>>>>
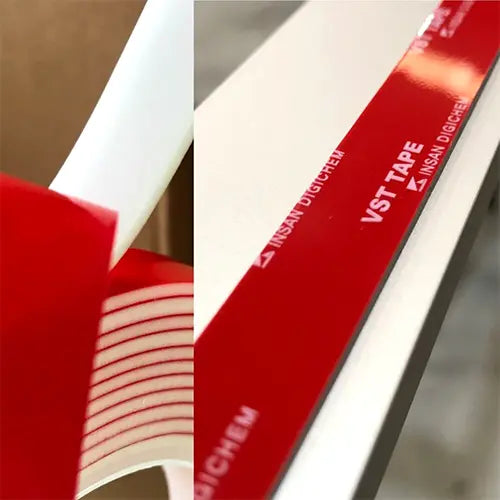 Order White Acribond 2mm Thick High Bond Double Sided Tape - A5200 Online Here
<<<<
>>>>
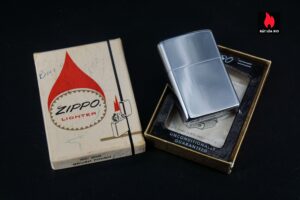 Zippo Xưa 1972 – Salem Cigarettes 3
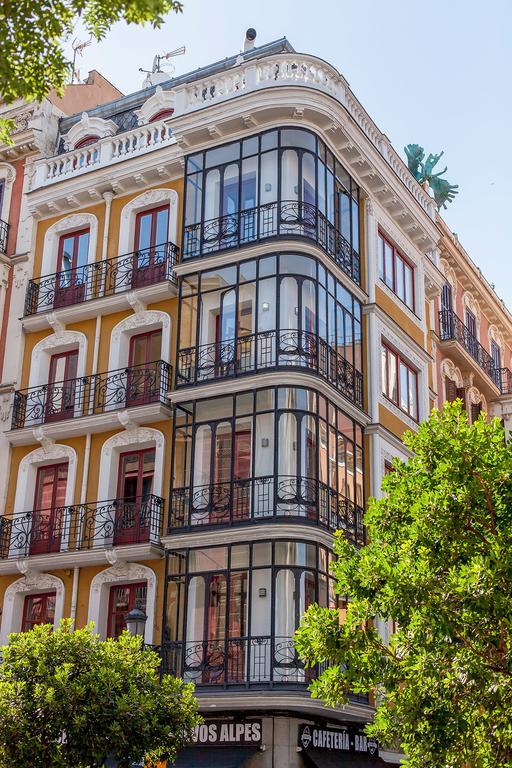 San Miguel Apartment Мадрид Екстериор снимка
<<<<
>>>>
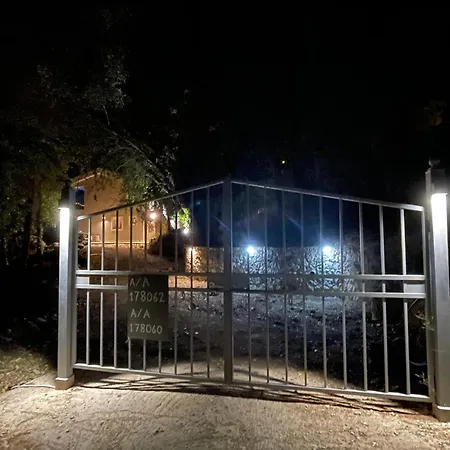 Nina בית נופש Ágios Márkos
<<<<
> [WHAT YOU HAVE TO DO]:
In the entries above, which lines run from the one with "Zippo Xưa 1972 – Salem Cigarettes 3" up to and including the one with "San Miguel Apartment Мадрид Екстериор снимка"? Write them out exactly, without the pictures.

> [TASK OUTPUT]:
 Zippo Xưa 1972 – Salem Cigarettes 3
 San Miguel Apartment Мадрид Екстериор снимка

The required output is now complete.